The word "Game" may appear in some of the lines below. State how many lines contain it, and write only that number.
+---+
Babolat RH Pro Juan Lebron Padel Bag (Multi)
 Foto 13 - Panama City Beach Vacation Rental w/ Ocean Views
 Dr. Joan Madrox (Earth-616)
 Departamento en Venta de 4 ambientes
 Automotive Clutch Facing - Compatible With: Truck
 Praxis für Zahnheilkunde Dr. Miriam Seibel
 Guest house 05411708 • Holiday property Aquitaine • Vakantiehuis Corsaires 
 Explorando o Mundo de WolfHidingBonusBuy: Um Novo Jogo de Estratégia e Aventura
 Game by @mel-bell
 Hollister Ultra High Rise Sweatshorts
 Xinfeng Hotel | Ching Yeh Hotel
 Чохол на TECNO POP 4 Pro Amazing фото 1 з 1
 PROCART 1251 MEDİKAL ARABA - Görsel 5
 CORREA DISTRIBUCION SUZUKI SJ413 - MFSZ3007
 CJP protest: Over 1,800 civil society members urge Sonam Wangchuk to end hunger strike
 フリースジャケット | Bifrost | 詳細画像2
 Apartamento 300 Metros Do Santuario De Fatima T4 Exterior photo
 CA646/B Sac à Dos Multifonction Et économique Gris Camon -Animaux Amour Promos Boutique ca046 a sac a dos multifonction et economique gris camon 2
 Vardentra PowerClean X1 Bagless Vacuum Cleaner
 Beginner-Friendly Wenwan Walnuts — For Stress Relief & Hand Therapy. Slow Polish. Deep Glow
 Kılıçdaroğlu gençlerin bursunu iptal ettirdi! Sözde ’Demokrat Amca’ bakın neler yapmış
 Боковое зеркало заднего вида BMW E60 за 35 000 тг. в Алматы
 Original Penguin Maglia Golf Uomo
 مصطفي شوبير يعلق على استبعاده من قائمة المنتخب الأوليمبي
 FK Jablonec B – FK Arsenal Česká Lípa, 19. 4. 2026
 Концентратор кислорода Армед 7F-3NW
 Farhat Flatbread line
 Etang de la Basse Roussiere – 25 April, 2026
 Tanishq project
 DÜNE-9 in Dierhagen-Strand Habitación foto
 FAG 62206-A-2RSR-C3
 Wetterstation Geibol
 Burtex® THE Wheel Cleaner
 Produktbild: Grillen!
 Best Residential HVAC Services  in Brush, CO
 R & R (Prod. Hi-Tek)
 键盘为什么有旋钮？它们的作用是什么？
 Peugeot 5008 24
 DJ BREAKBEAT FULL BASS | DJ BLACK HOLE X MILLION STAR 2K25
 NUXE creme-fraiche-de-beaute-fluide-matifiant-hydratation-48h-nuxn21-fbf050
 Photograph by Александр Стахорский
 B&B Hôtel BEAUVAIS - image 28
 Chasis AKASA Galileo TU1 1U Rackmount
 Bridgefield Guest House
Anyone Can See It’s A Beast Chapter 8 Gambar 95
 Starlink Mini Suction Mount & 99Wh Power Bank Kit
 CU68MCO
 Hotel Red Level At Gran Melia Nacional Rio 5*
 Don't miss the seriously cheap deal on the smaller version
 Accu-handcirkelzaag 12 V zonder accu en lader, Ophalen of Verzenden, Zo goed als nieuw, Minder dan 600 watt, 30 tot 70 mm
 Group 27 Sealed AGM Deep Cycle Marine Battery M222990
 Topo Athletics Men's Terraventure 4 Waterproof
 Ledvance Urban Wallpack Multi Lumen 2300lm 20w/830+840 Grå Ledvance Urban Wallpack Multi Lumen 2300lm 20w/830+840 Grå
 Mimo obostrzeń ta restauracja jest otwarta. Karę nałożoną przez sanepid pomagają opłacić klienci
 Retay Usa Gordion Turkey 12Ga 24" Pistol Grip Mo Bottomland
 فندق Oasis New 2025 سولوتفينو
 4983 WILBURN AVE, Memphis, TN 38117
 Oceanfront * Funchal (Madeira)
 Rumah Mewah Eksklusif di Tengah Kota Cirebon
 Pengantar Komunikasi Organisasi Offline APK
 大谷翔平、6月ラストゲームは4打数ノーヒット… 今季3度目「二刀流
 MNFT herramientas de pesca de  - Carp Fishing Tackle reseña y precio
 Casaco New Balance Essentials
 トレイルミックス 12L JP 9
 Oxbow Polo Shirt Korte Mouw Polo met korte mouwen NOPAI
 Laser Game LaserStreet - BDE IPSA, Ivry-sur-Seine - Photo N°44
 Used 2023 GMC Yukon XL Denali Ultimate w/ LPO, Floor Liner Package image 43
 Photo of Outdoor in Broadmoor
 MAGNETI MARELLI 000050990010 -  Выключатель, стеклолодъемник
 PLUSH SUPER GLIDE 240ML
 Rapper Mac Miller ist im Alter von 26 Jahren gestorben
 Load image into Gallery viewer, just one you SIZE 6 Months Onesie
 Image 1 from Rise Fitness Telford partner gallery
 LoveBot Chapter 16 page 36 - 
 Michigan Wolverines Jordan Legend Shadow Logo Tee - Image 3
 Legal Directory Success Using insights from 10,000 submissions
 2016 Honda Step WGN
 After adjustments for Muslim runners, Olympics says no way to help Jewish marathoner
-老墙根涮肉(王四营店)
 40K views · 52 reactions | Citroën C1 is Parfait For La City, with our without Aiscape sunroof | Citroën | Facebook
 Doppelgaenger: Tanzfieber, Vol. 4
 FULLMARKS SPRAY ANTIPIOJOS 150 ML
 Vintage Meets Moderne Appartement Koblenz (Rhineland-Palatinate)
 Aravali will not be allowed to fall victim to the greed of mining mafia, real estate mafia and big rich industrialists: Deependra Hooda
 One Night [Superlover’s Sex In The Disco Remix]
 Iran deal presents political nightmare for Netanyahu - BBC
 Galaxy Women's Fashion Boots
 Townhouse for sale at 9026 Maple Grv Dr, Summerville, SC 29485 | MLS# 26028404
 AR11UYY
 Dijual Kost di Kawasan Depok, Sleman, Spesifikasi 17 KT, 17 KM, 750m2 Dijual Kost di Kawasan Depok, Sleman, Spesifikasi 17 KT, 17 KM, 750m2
+---+
ANSWER FOR THIS EXERCISE: 2